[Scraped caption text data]
---
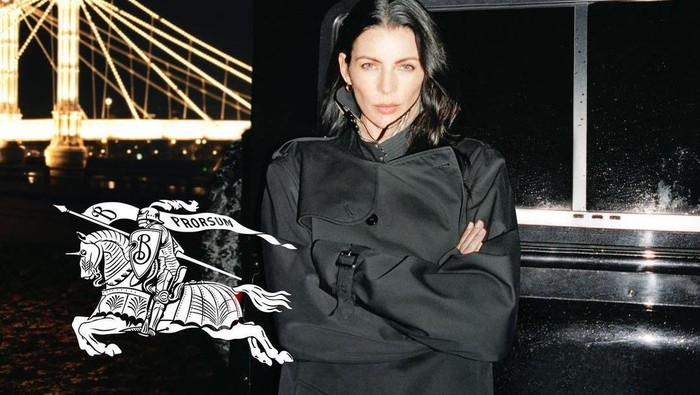 img-title Burberry Punya Logo Baru! Intip Transformasinya dari Masa ke Masa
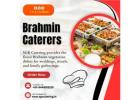 Brahmin Caterers in 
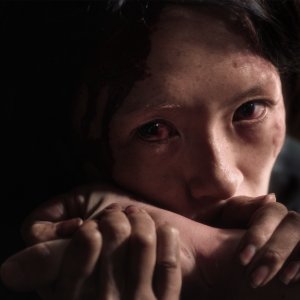 She's Got No Name: una scena del film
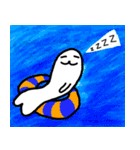 アザラシのねづくん9（個別スタンプ：38）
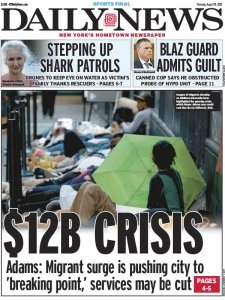 Newsday - 08.10.2023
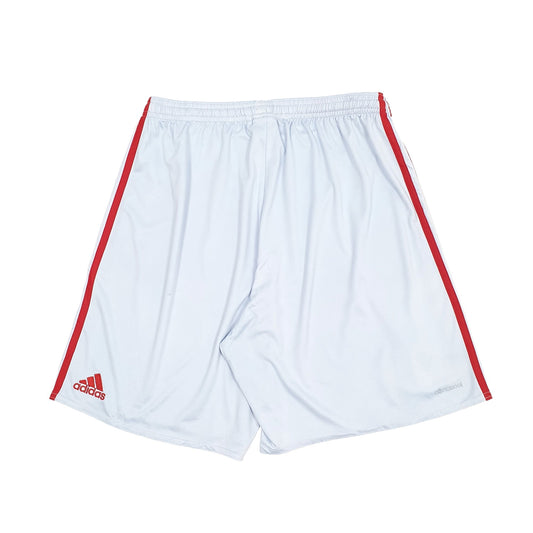 Adidas Manchester United FC Team Blue Sport Shorts W30 Blue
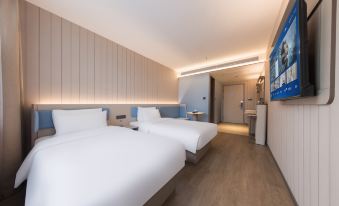 HanTing Hotel (Foshan Qiandenghu Yihaigang)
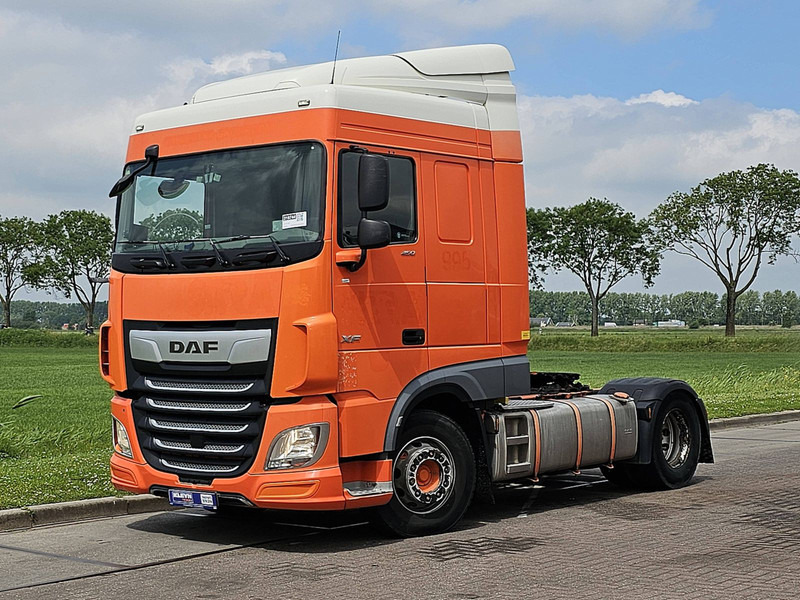 DAF XF 450 SPACECAB SPOILERS - Xe đầu kéo: hình 2 DAF XF 450 SPACECAB SPOILERS - Xe đầu kéo: hình 2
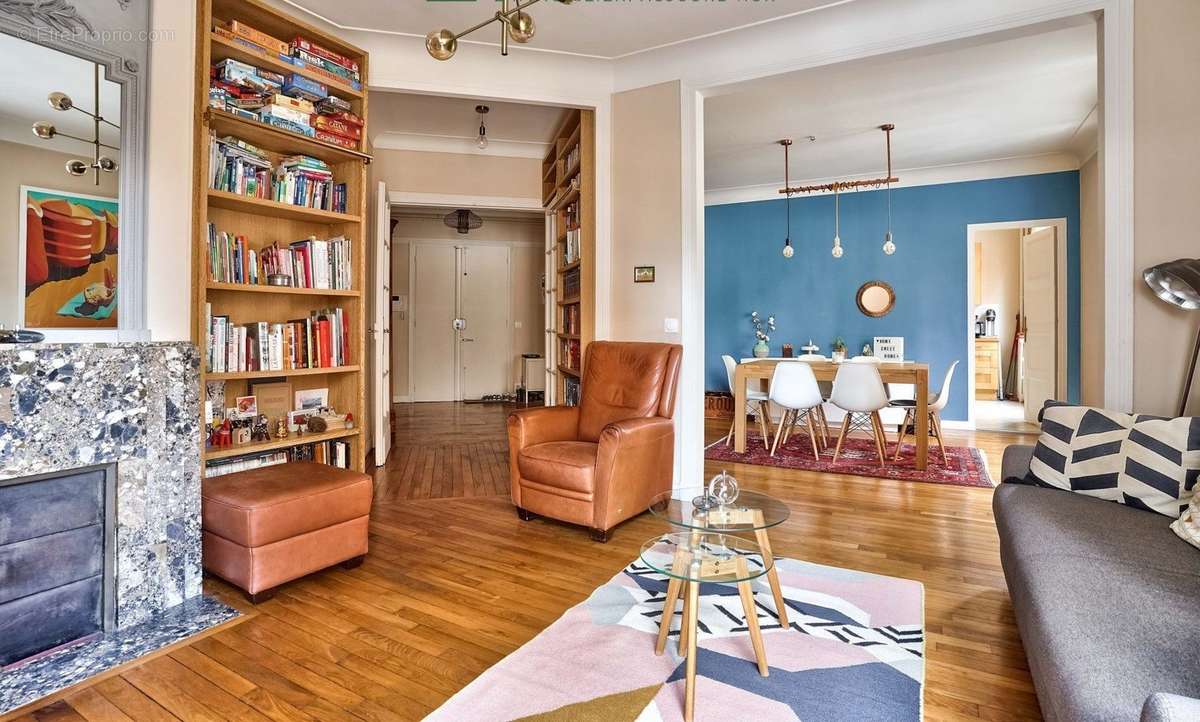 Appartement à COLOMBES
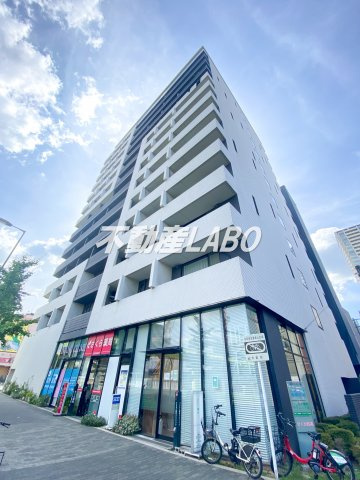 アーデンタワー南堀江の外観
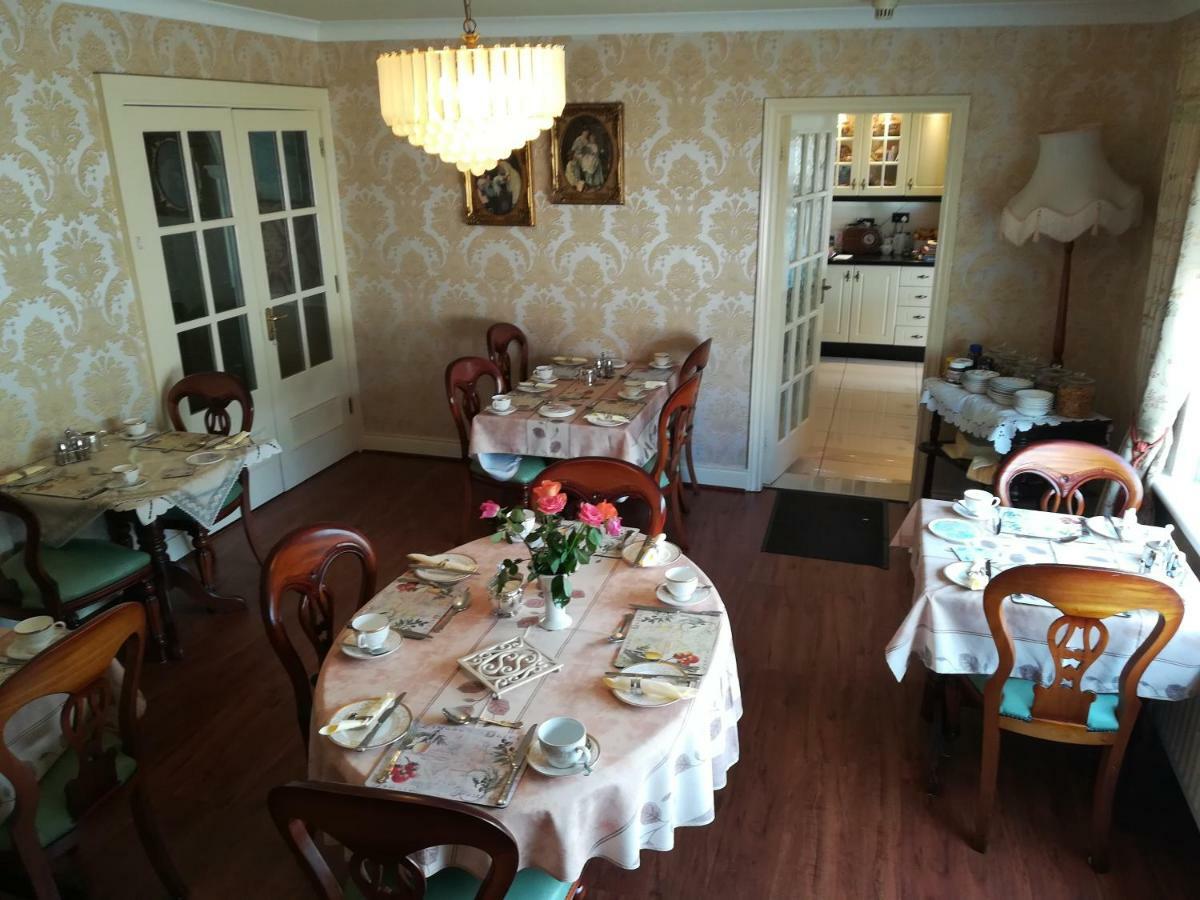 Rosemount B&B Dundalk Exterior foto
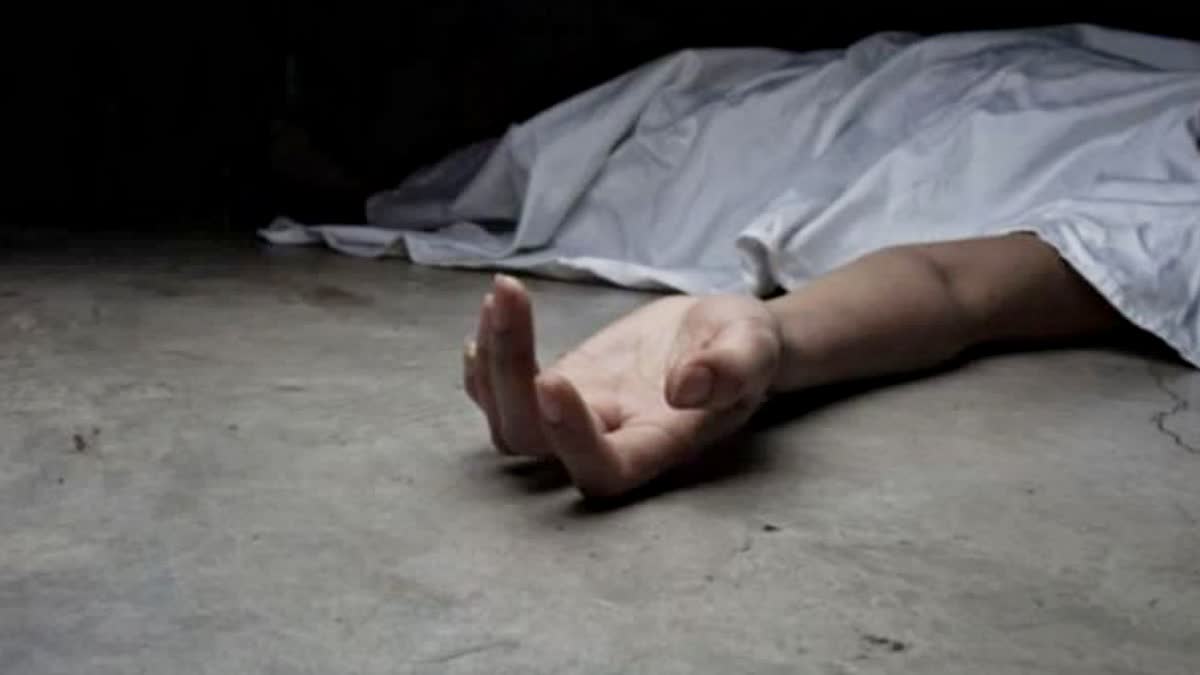 SON MURDER FATHER IN HAMIRPUR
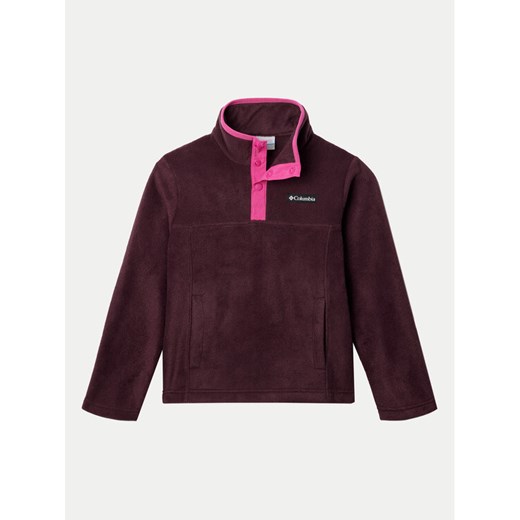 Columbia Polar Steens Mtn™ II 2087881 Fioletowy Regular Fit ze sklepu MODIVO w kategorii Bluzy dziewczęce - zdjęcie 182759760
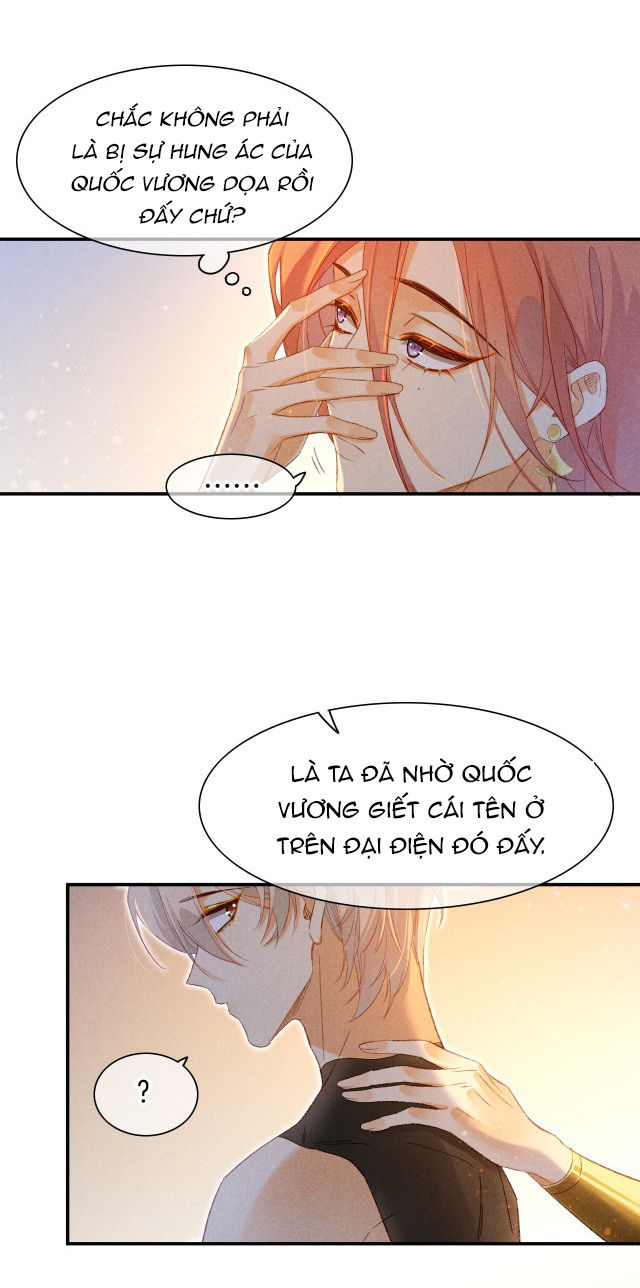 tạm biệt, quốc vương của tôi chapter 14 16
---
Exercise brief
All lines after and including the one with "Rosemount B&B Dundalk Exterior foto", through the end of the entries above, should be output exactly and by themselves. The pictures are to be left out.

Written solution
 Rosemount B&B Dundalk Exterior foto
 SON MURDER FATHER IN HAMIRPUR
 Columbia Polar Steens Mtn™ II 2087881 Fioletowy Regular Fit ze sklepu MODIVO w kategorii Bluzy dziewczęce - zdjęcie 182759760
 tạm biệt, quốc vương của tôi chapter 14 16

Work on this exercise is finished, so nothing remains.